DataStore Configuration
DataStore provides comprehensive configuration options for execution engine selection, compatibility mode, logging, caching, profiling, and dtype correction.
Quick Reference
from chdb.datastore.config import config
# Quick setup presets
config.enable_debug() # Enable verbose logging
config.use_chdb() # Force ClickHouse engine
config.use_pandas() # Force pandas engine
config.use_auto() # Auto-select engine (default)
config.use_performance_mode() # SQL-first, max throughput
config.use_pandas_compat() # Full pandas compatibility (default)

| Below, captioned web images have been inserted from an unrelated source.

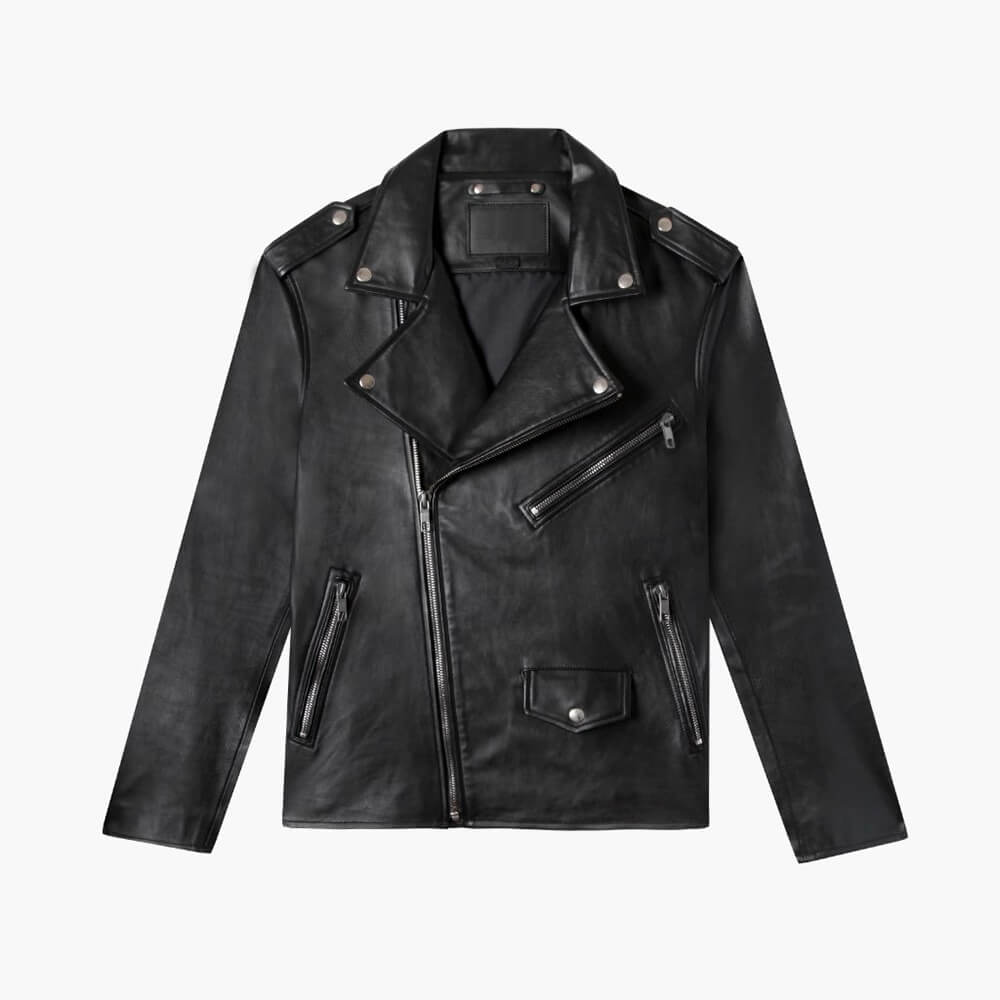 ZARA on X: White leather effect jacket with side zipped pockets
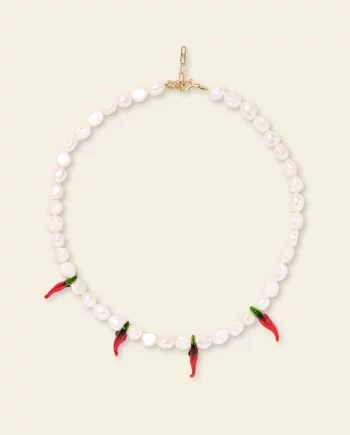 Le collier piment et nacre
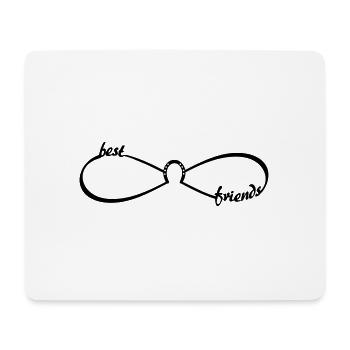best friends Horses Infinity - best friends BFF - Mouse Pad (horizontal) - white - Front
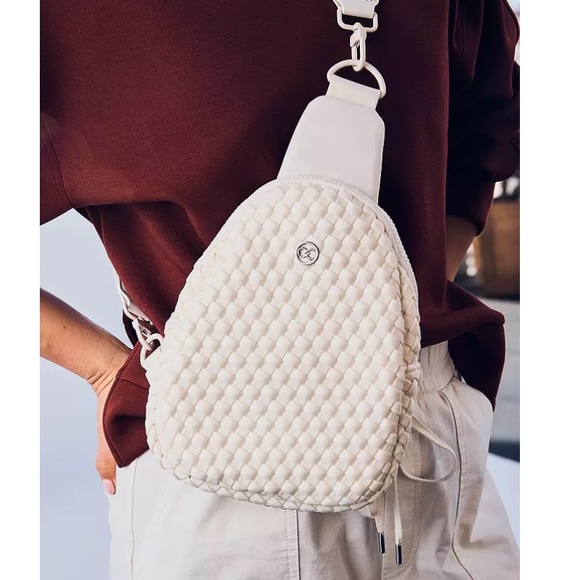 Calia Handbags - CALIA Women's Journey Woven Sling Bag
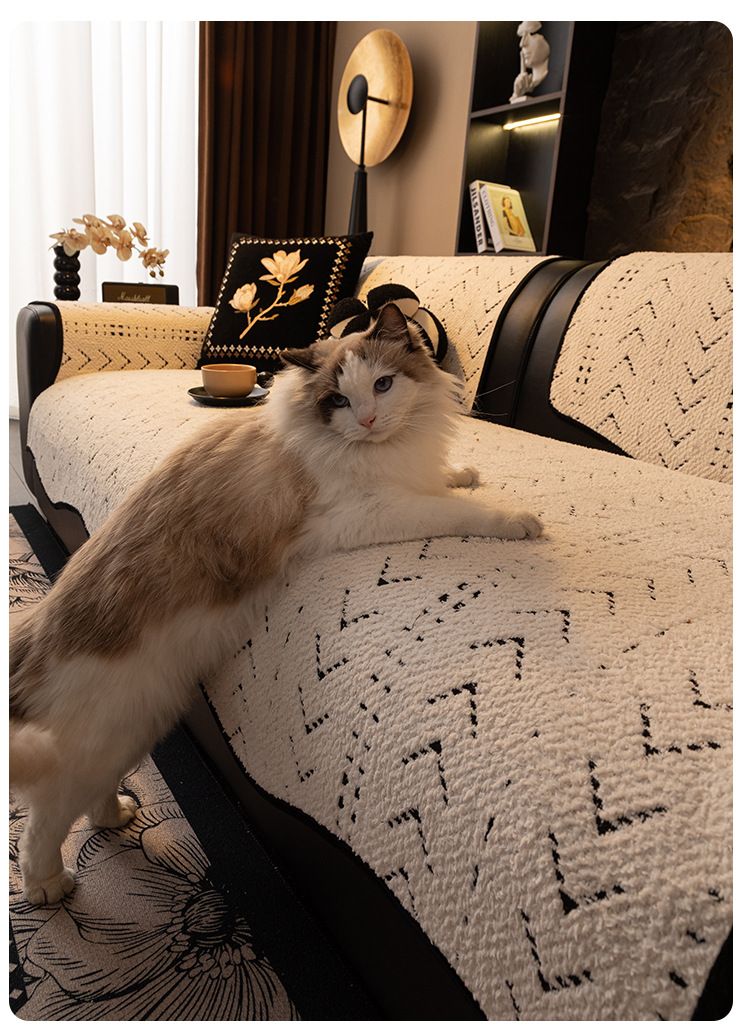 Hochwertiger, flauschiger Sofakissenbezug – rutschfestes, wendbares Plüsch-Sitzpolster für das Wohnzimmer (weich und gemütlich, passt auf die meisten Sofas, leicht zu reinigen)_voghion.com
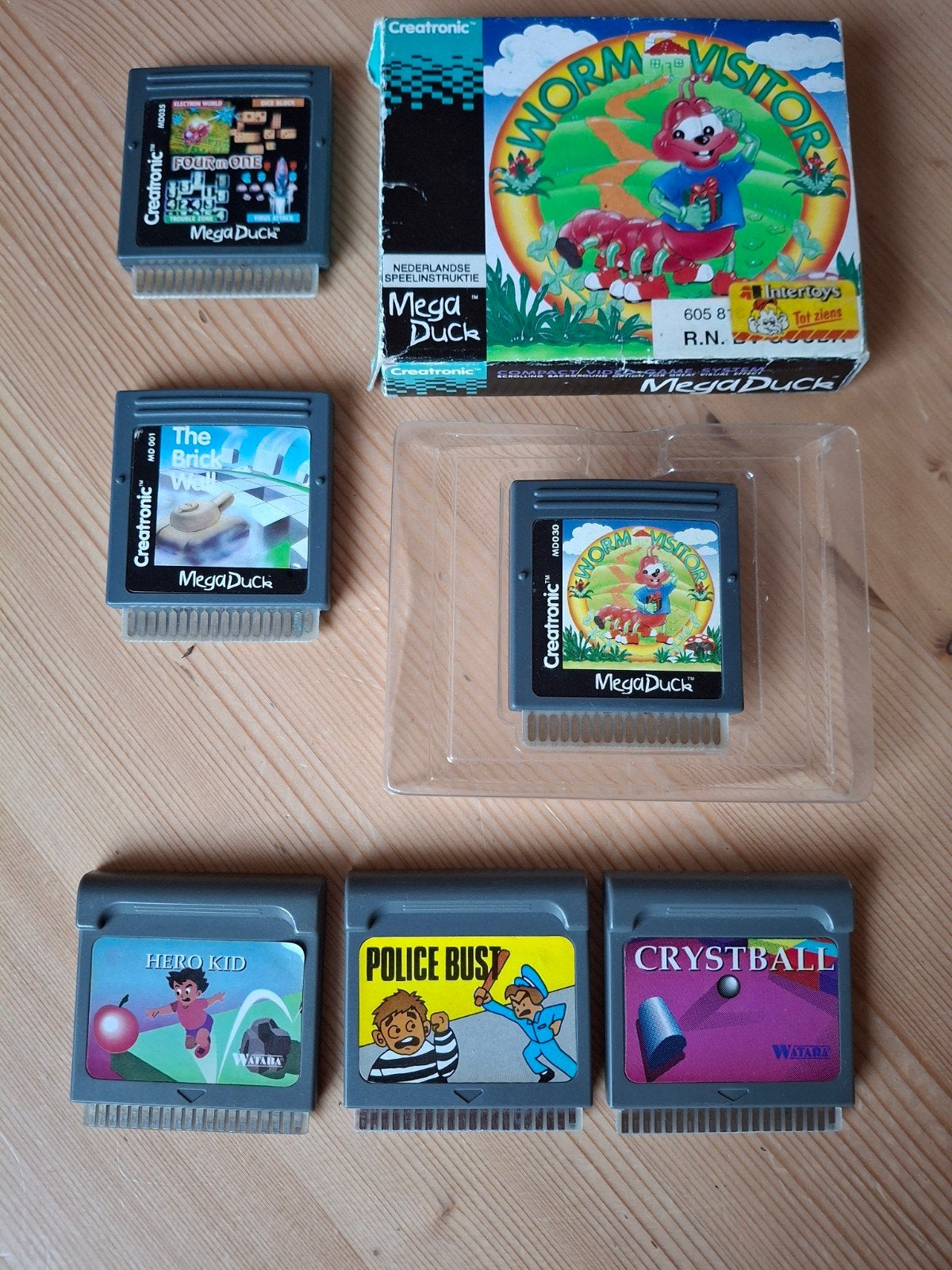 Mega Duck en watara supervision handheld games, Avontuur en Actie, Gebruikt, 1 speler, Ophalen of Verzenden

config.enable_profiling() # Enable performance profiling
All Configuration Options
| Category | Option | Values | Default | Description |
|---|
| Logging | log_level | DEBUG/INFO/WARNING/ERROR | WARNING | Log verbosity |
| log_format | ”simple”, “verbose" | "simple” | Log message format |
| Cache | cache_enabled | True/False | True | Enable result caching |
| cache_ttl | float (seconds) | 0.0 | Cache time-to-live |
| Engine | execution_engine | ”auto”, “chdb”, “pandas" | "auto” | Execution engine |
| cross_datastore_engine | ”auto”, “chdb”, “pandas" | "auto” | Cross-DataStore operations |
| Compat | compat_mode | ”pandas”, “performance" | "pandas” | Pandas compatibility vs SQL-first throughput |
| Profiling | profiling_enabled | True/False | False | Enable profiling |
| Dtype | correction_level | NONE/CRITICAL/HIGH/MEDIUM/ALL | HIGH | Dtype correction level |
Configuration Methods
Logging Configuration
from chdb.datastore.config import config
import logging
# Set log level
config.set_log_level(logging.DEBUG)
config.set_log_level(logging.INFO)
config.set_log_level(logging.WARNING) # Default
config.set_log_level(logging.ERROR)
# Set log format
config.set_log_format("simple") # Default
config.set_log_format("verbose") # More details
# Quick enable debug mode
config.enable_debug() # Sets DEBUG level + verbose format
See Logging for details.
Cache Configuration
# Enable/disable caching
config.set_cache_enabled(True) # Default
config.set_cache_enabled(False) # Disable caching
# Set cache TTL (time-to-live)
config.set_cache_ttl(60.0) # Cache expires after 60 seconds
config.set_cache_ttl(0.0) # No expiration (default)
# Check current settings
print(config.cache_enabled)
print(config.cache_ttl)
Engine Configuration
# Set execution engine
config.set_execution_engine('auto') # Auto-select (default)
config.set_execution_engine('chdb') # Force ClickHouse
config.set_execution_engine('pandas') # Force pandas
# Quick presets
config.use_auto() # Auto-select
config.use_chdb() # Force ClickHouse
config.use_pandas() # Force pandas
# Cross-DataStore engine (for operations between different DataStores)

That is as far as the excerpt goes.